13. (SBU) Other structural problems make the goal of
native-language, culturally-relevant education even harder to
attain. Ethnic minority-Vietnamese bilingual education might be
feasible in an area where all the pupils in a school are from
the same minority group, but an area with only one ethnic
minority is rare. A typical school in the Central Highlands is
likely to comprise five or six ethnic groups, each of whom
speaks a different language and has different cultural
traditions. The multitude of ethnic minority groups whose
traditional lands overlap and intersect also means that
developing suitable local curriculum is equally challenging.
While some provincial officials may oppose ethnic minority
curriculum because they fear it will lead to separatist
sentiments, the majority do not fund curriculum development for
lack of resources.

LIGHT AT THE END OF THE TUNNEL DIMMING
--------------------------------------
13. (SBU) UNESCO and UNICEF representatives express concern at
recent developments in the GVN's approach to education. They
are concerned that the Minister of Education's decision to place
greater emphasis on higher education, especially graduate study
abroad, may work to the detriment of basic education initiatives
for the most needy.

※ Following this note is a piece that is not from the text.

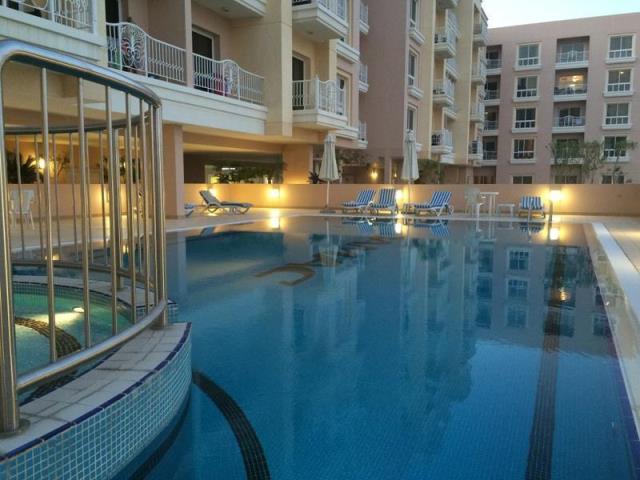 Swimming Pool in Rose 1_copy_40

While higher education is of great economic
and social benefit to the Vietnamese nation and economy, UNICEF
and UNESCO representatives are concerned that the GVN appears to
be shifting its limited educational funding away from basic
education for the masses and special education for impoverished
minorities and towards educating a privileged few at great
expense.

COMMENT
-------
14. (SBU) As with almost any other group in today's modern
world, educational attainment will play a large role in
determining the economic future of ethnic minorities in Vietnam.
Education will also play a pivotal role in their integration
into the social, cultural, and economic fabric of Vietnam.
Ironically, the GVN's focus on nationally unifying education has
in many ways backfired since it serves to disadvantage and
marginalize the very ethnic minority students it is intended to
integrate into the Vietnamese nation. Fundamental changes in
the GVN's attitudes and approach are needed or ethnic minorities
will continue to fall out of step as Vietnam's urban centers
lead the charge towards increasing prosperity based upon
industrialization and global integration. Unfortunately, even

HO CHI MIN 00000753 004.2 OF 004


if MOET had the best intentions and the best planning to back
them up, pervasive structural and capacity problems mean that
improving education for ethnic minorities would be very
difficult. End comment.

15. (U) This cable was coordinated with Embassy Hanoi.